THE PROBLEM »
Transcribe the entries exactly. Start at the top, stop after the line with "wakonsun moccasins", and omit every picture.

(Short descriptive text snippets)
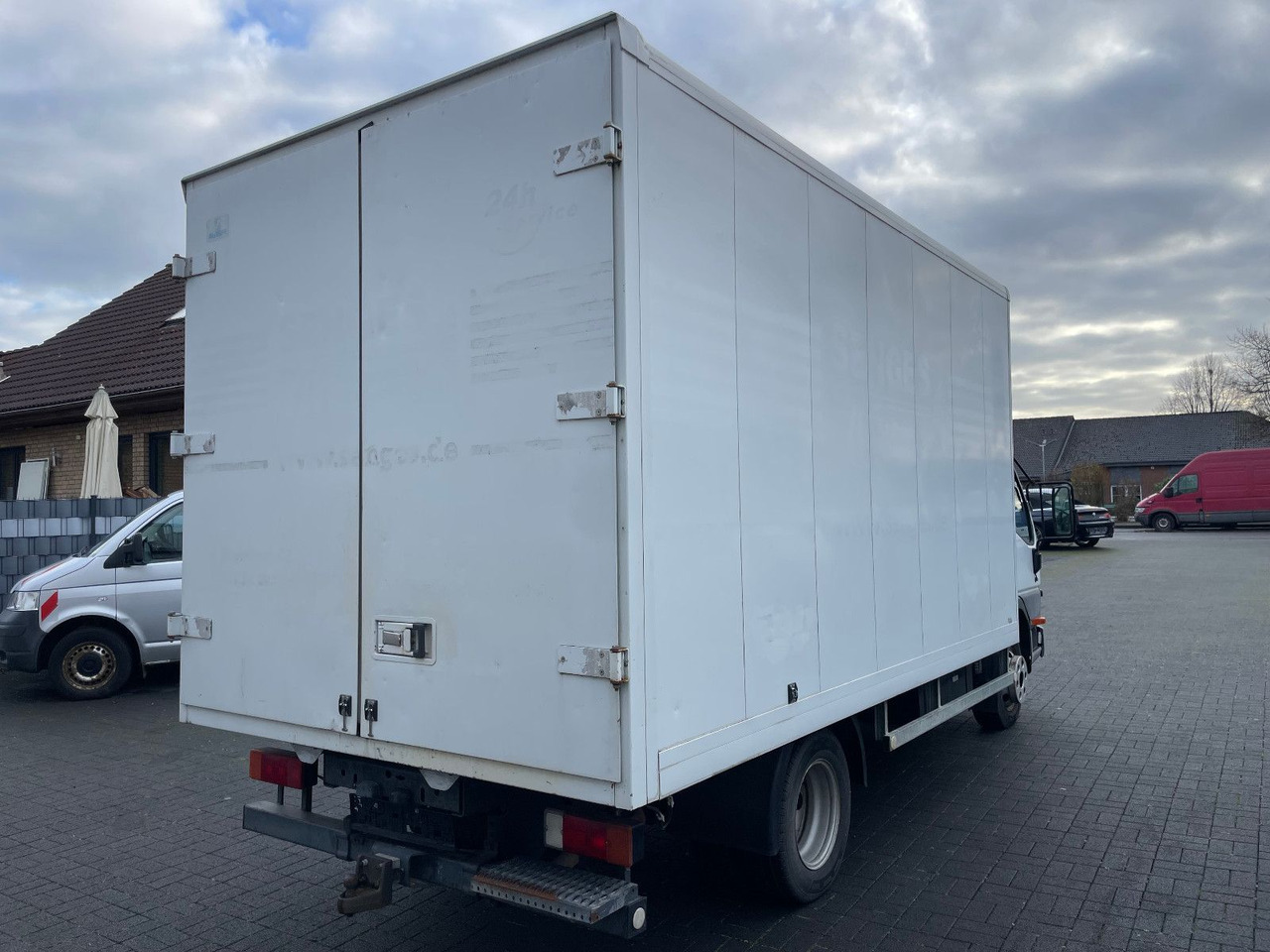 Mitsubishi Canter 3.9D, TE 649 - Bestelwagen gesloten laadbak: afbeelding 2 Mitsubishi Canter 3.9D, TE 649 - Bestelwagen gesloten laadbak: afbeelding 2
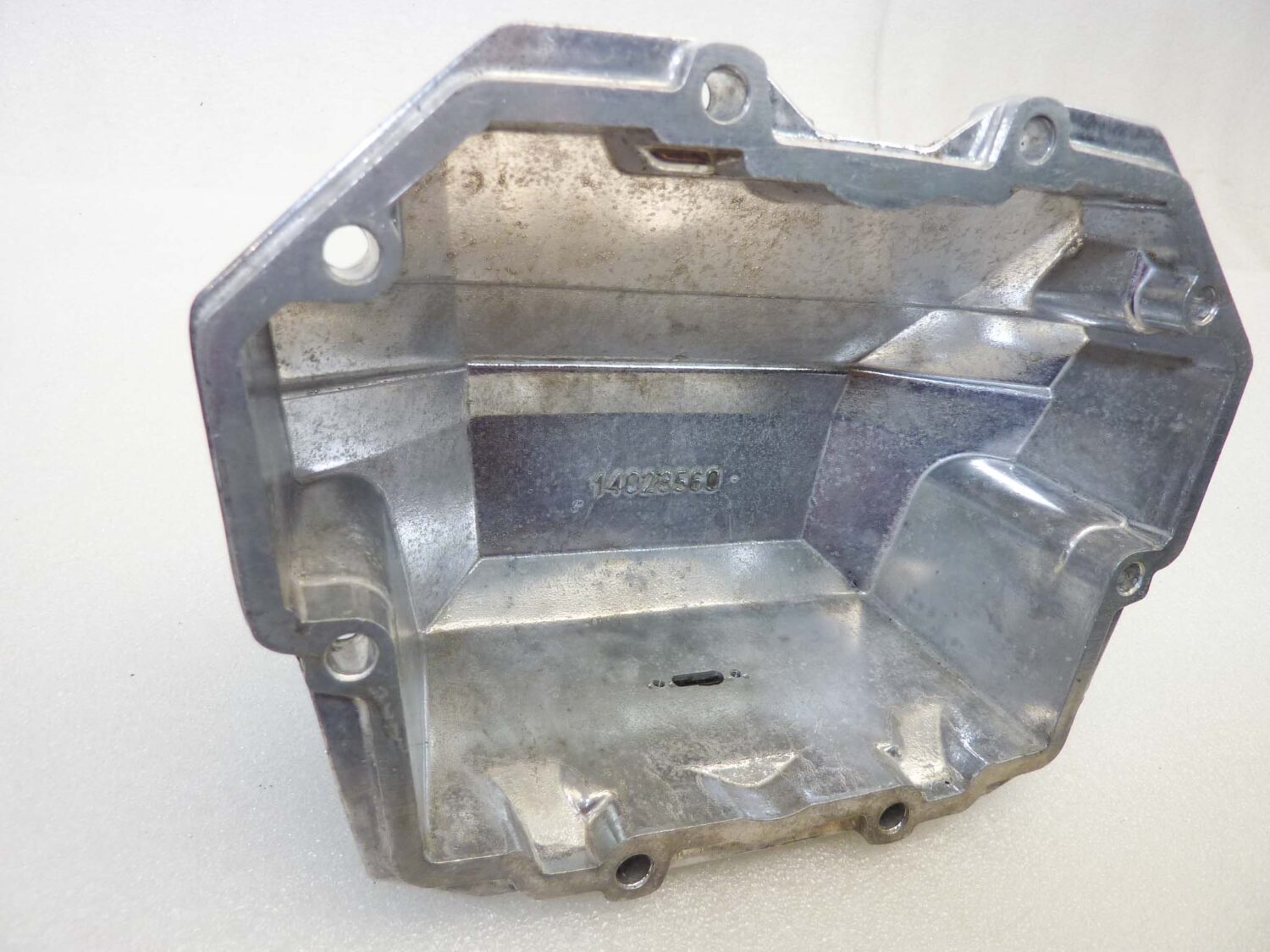 Coperchio punterie sinistro Guzzi California I.E. con foro sonda temperatura motore cod 14023560 coperchio valvole testata - immagine 13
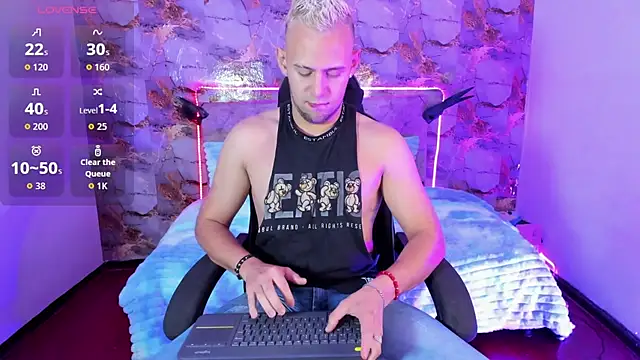 Snapshot of Damon_Bakert chatting on 07-01-26, 02:50 Damon Bakert online show from 07-01-26, 02:50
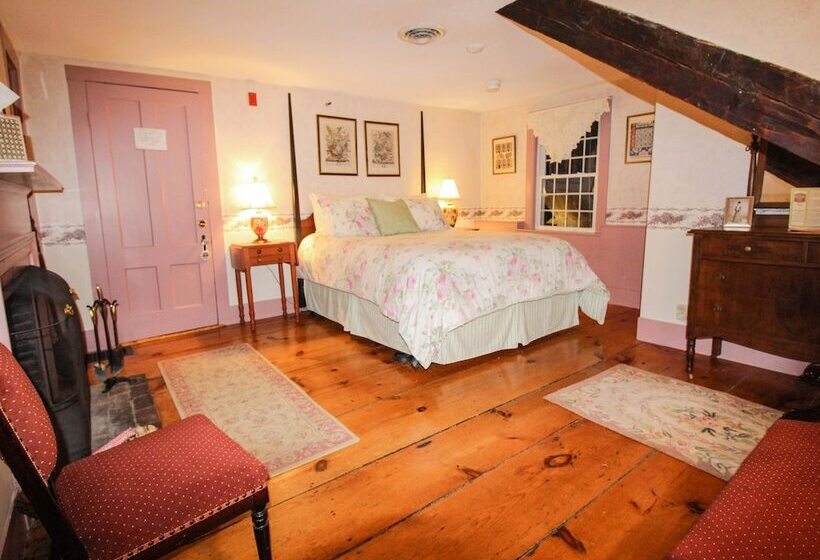 مبيت وإفطار The Nutmeg Inn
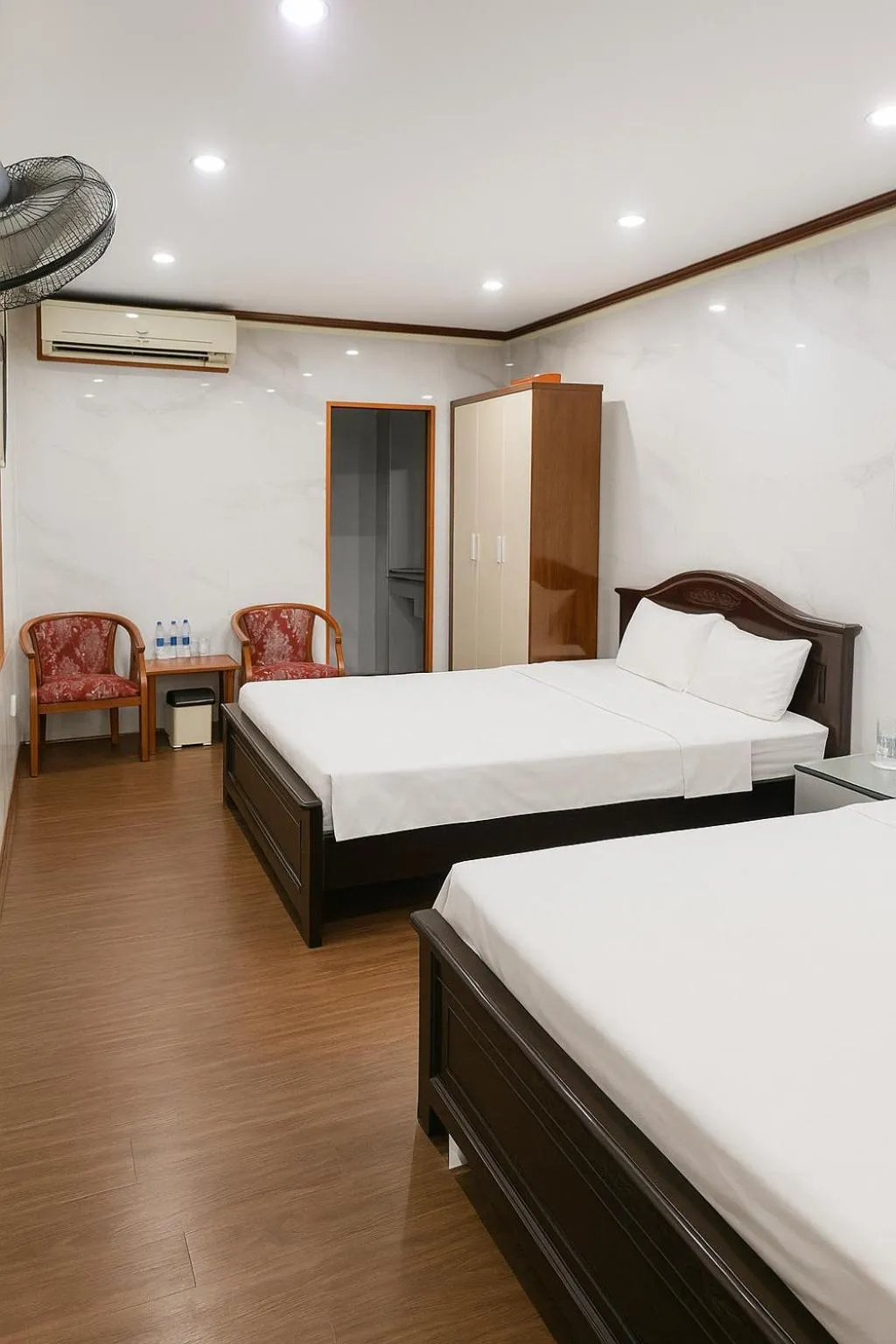 Photo of the whole room, Bed in TUAN Central Hotel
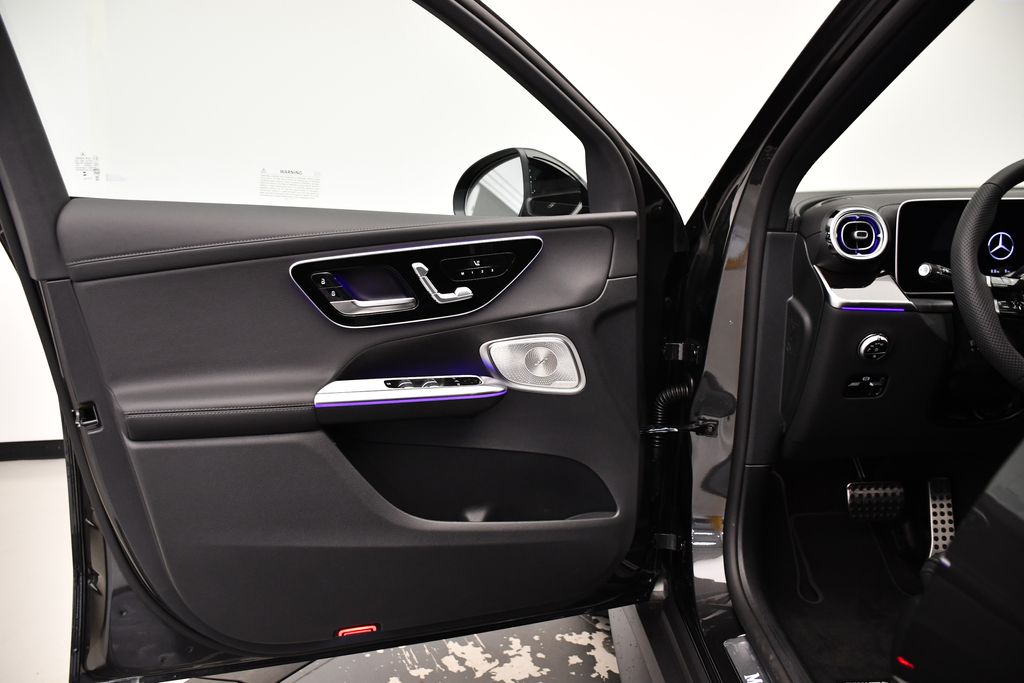 Thumbnail: 2025 Mercedes-Benz GLC - 29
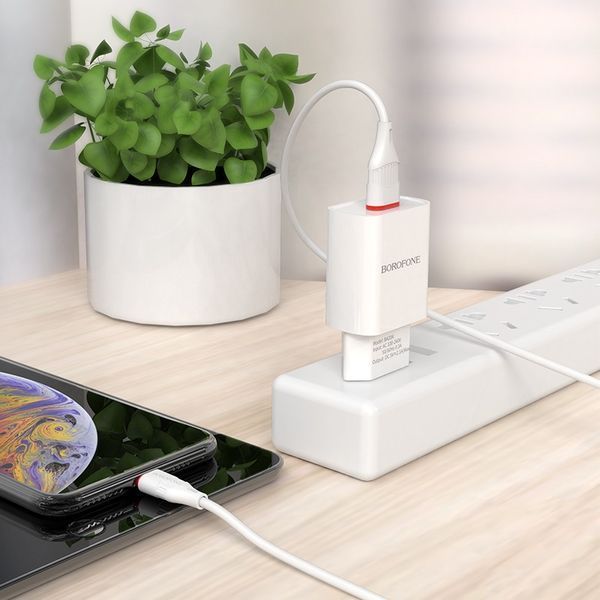 Сетевое зарядное устройство с кабелем BOROFONE BA20A Sharp single port charger set(Lightning) 10.5W White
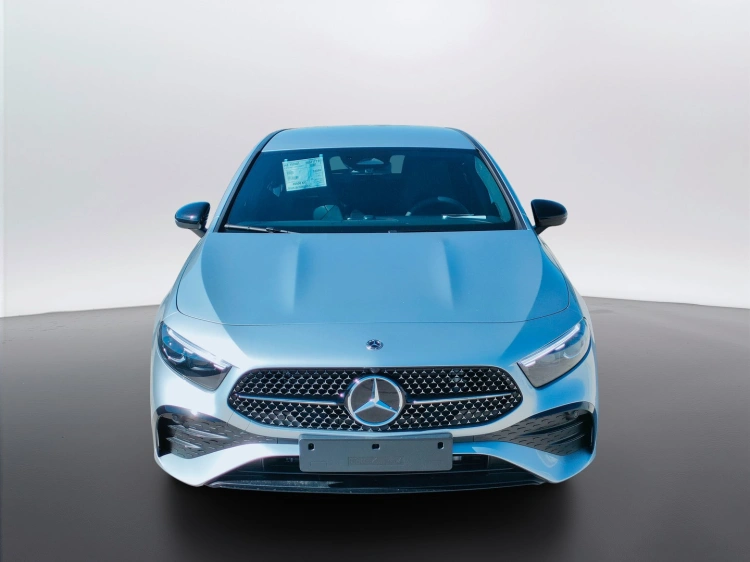 2 - Mercedes-Benz Classe A 180 d Automatic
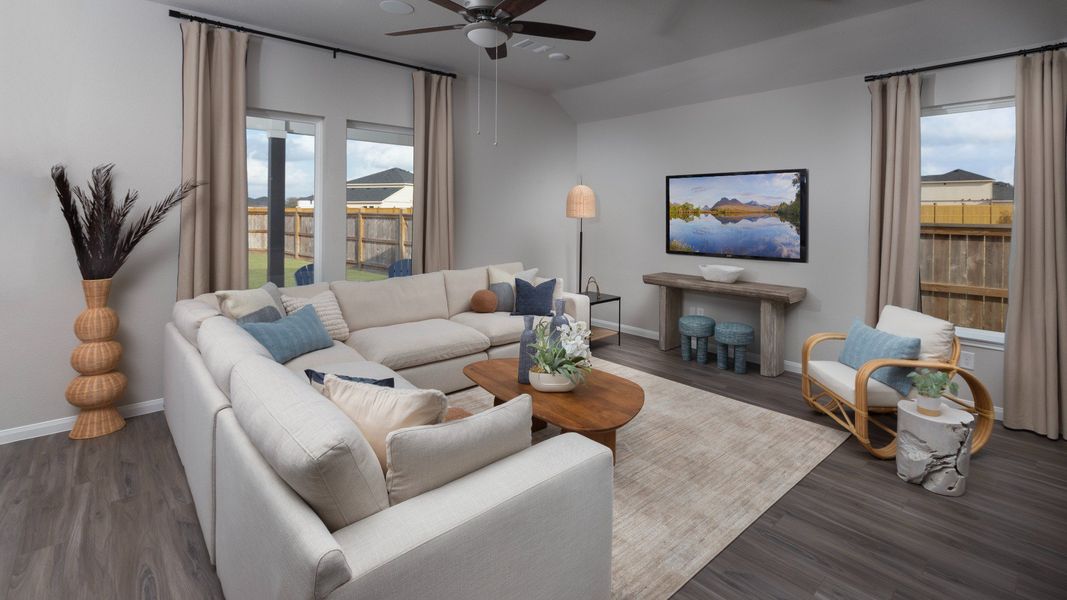 Representative furnished interior of a home built from the The Highlands by Legend Homes in Lake Conroe Area Homes, Montgomery (Image 7).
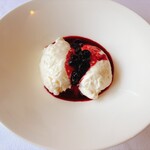 レストラン・モリエール - クリームチーズ メレンゲ
      生クリーム
      ハスカップソース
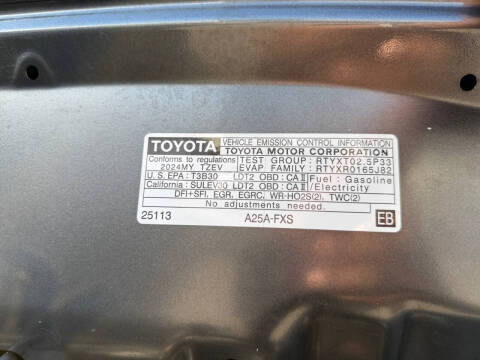 2024 Toyota RAV4 Prime SE
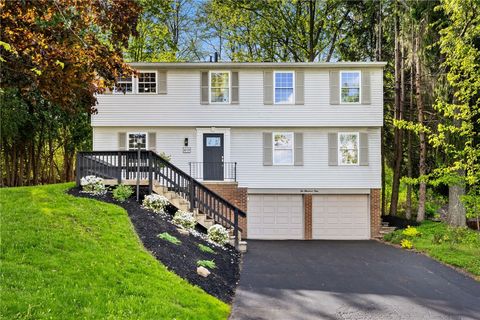 209 Glengarry Dr Moon/Crescent Twp PA 15108
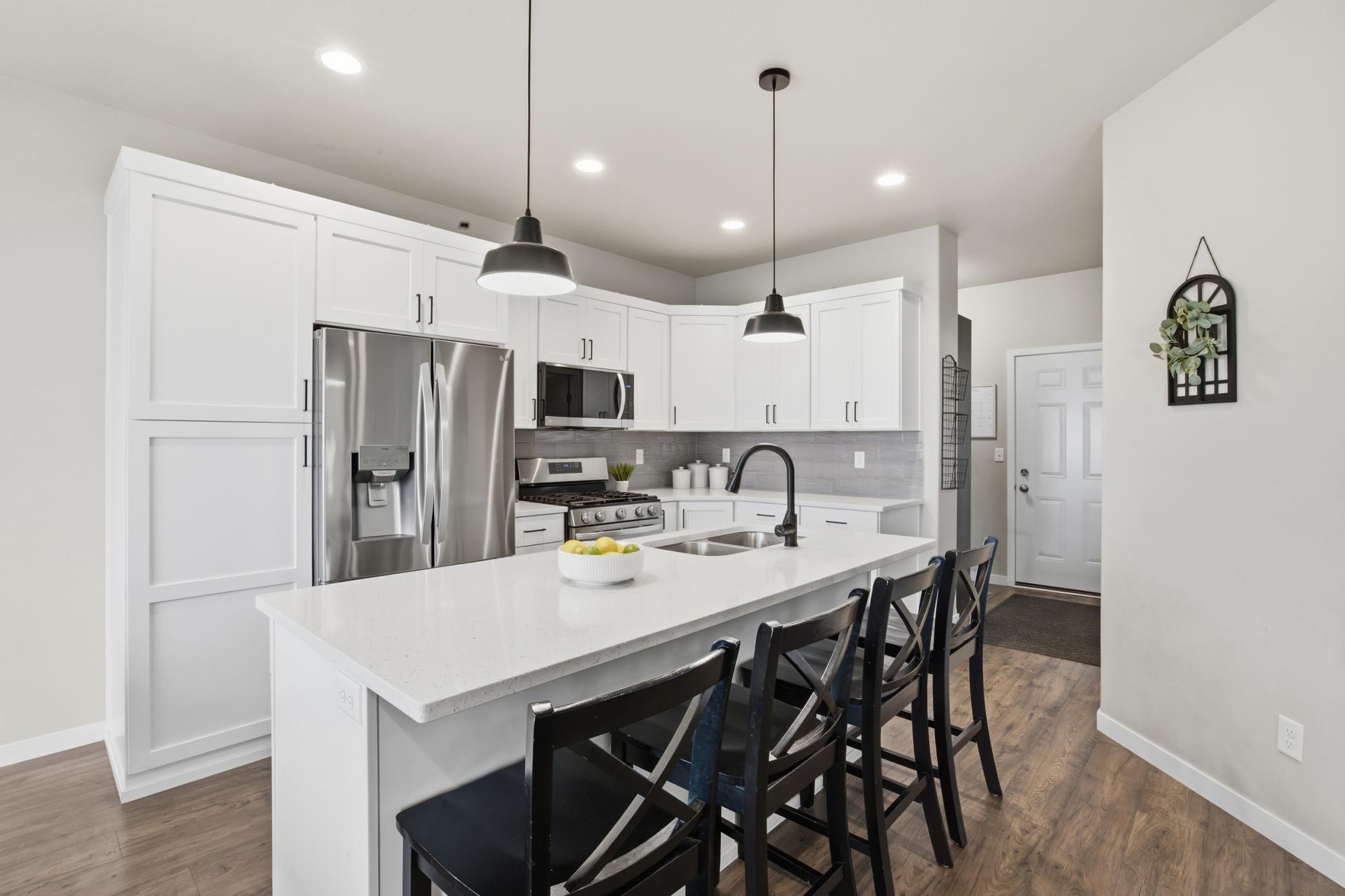 6741 71st Avenue S, Horace ND 58047 - Photo 8 of 35
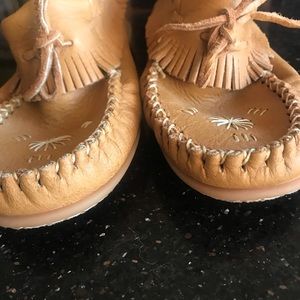 wakonsun moccasins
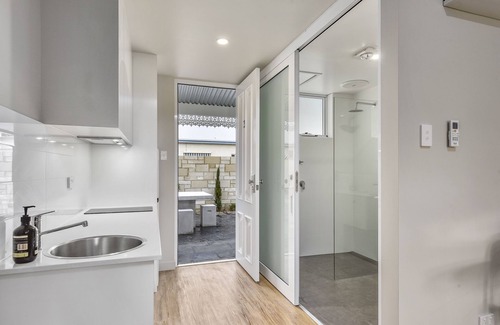 Naracoorte House | Aloha Central Luxury Accommodation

WRITTEN REPLY »
 Mitsubishi Canter 3.9D, TE 649 - Bestelwagen gesloten laadbak: afbeelding 2 Mitsubishi Canter 3.9D, TE 649 - Bestelwagen gesloten laadbak: afbeelding 2
 Coperchio punterie sinistro Guzzi California I.E. con foro sonda temperatura motore cod 14023560 coperchio valvole testata - immagine 13
 Snapshot of Damon_Bakert chatting on 07-01-26, 02:50 Damon Bakert online show from 07-01-26, 02:50
 مبيت وإفطار The Nutmeg Inn
 Photo of the whole room, Bed in TUAN Central Hotel
 Thumbnail: 2025 Mercedes-Benz GLC - 29
 Сетевое зарядное устройство с кабелем BOROFONE BA20A Sharp single port charger set(Lightning) 10.5W White
 2 - Mercedes-Benz Classe A 180 d Automatic
 Representative furnished interior of a home built from the The Highlands by Legend Homes in Lake Conroe Area Homes, Montgomery (Image 7).
 レストラン・モリエール - クリームチーズ メレンゲ
      生クリーム
      ハスカップソース
 2024 Toyota RAV4 Prime SE
 209 Glengarry Dr Moon/Crescent Twp PA 15108
 6741 71st Avenue S, Horace ND 58047 - Photo 8 of 35
 wakonsun moccasins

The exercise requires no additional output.